### EXERCISE DIRECTIONS
Look for the line containing "co zamówić w restauracji na diecie" and the line containing "روسیه: مایلیم بر" in the entries below. Copy those two and all lines between them exactly, leaving out pictures.

### ENTRIES SHOWN
━━━━━━━━━━

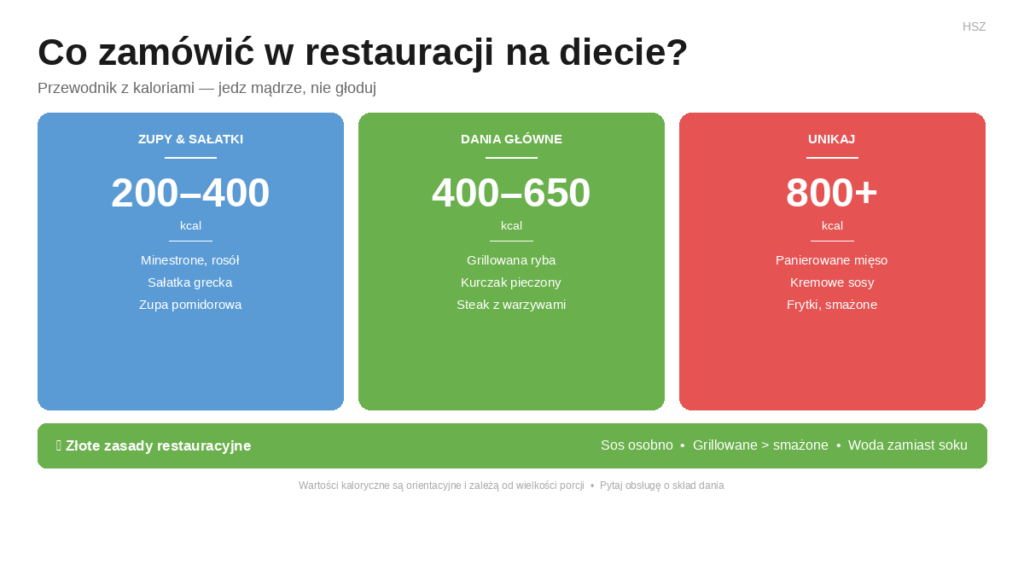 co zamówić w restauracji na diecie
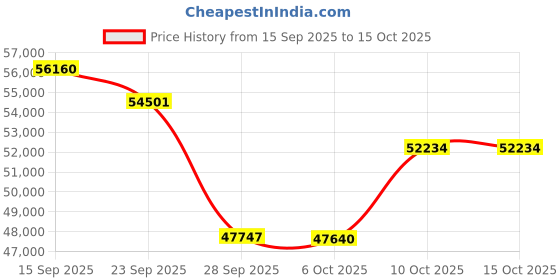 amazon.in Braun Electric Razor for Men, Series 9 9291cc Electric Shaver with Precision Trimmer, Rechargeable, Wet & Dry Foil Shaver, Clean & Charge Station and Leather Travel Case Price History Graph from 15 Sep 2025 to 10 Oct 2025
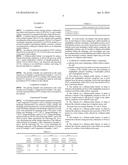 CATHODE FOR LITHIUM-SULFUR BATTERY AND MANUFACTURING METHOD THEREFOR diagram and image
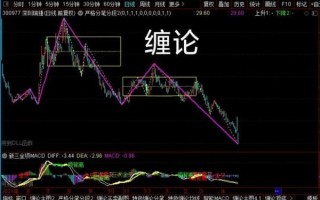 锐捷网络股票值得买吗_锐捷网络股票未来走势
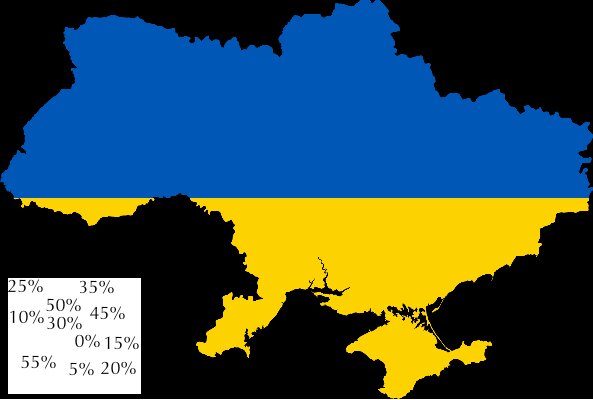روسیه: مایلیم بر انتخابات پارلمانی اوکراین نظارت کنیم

━━━━━━━━━━

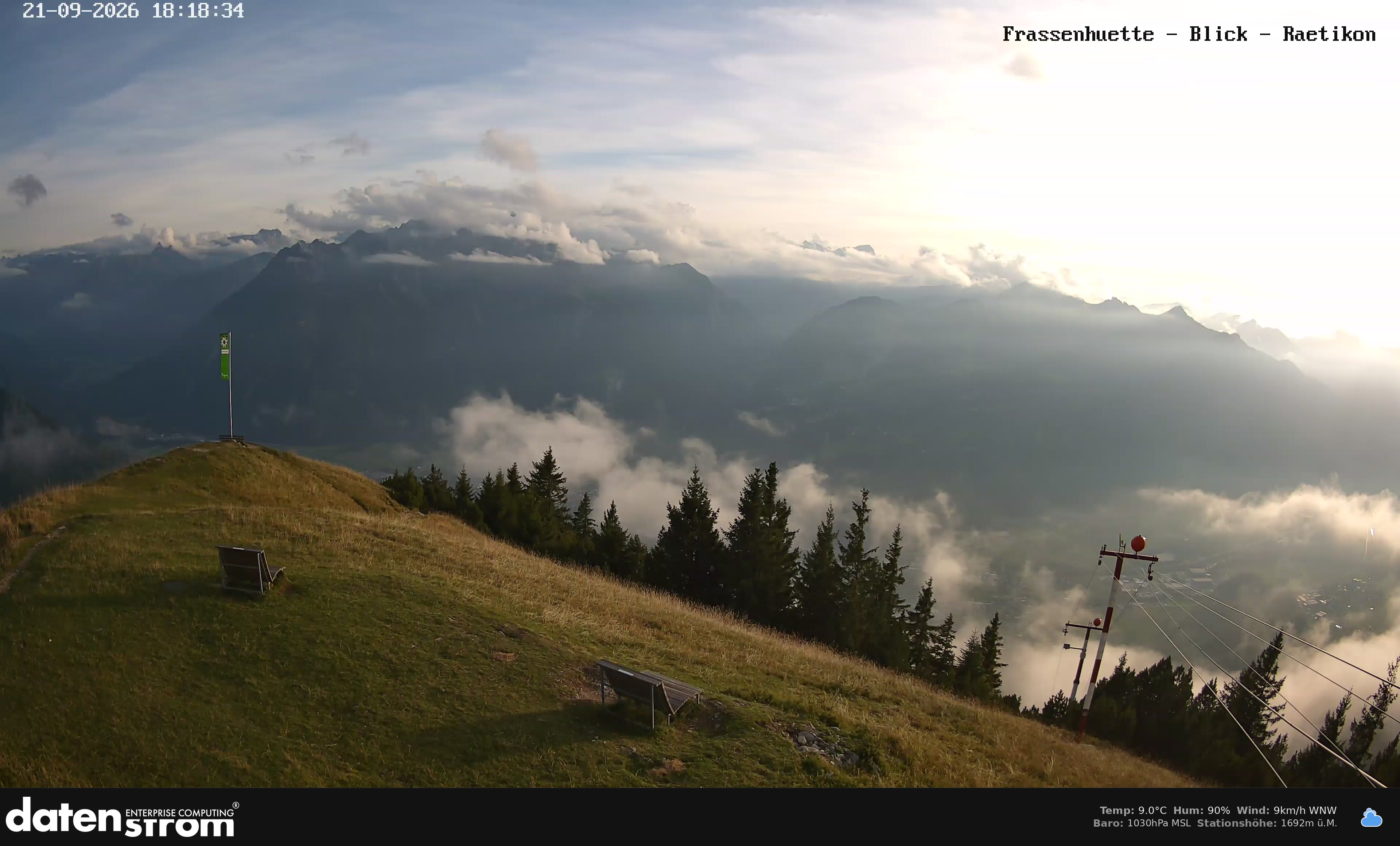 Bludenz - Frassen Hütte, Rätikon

━━━━━━━━━━

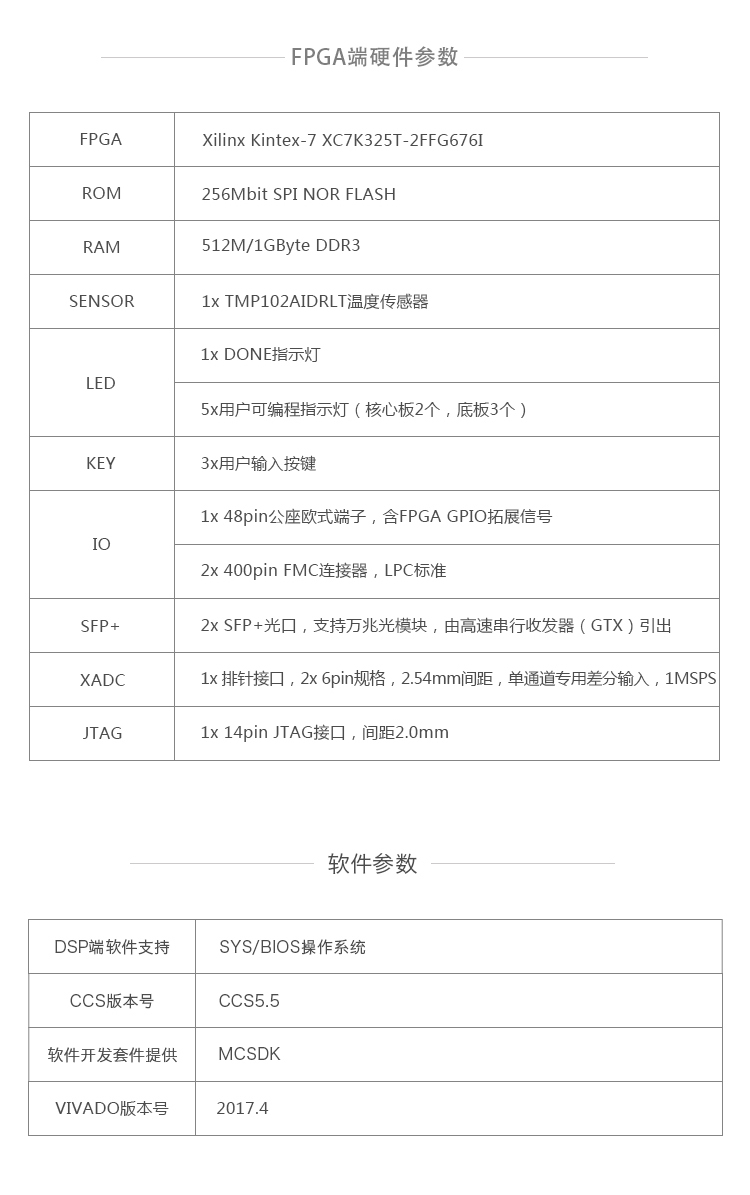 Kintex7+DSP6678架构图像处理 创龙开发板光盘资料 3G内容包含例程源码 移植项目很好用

━━━━━━━━━━

### RESPONSE TO THE TASK
 co zamówić w restauracji na diecie
 amazon.in Braun Electric Razor for Men, Series 9 9291cc Electric Shaver with Precision Trimmer, Rechargeable, Wet & Dry Foil Shaver, Clean & Charge Station and Leather Travel Case Price History Graph from 15 Sep 2025 to 10 Oct 2025
 CATHODE FOR LITHIUM-SULFUR BATTERY AND MANUFACTURING METHOD THEREFOR diagram and image
 锐捷网络股票值得买吗_锐捷网络股票未来走势
روسیه: مایلیم بر انتخابات پارلمانی اوکراین نظارت کنیم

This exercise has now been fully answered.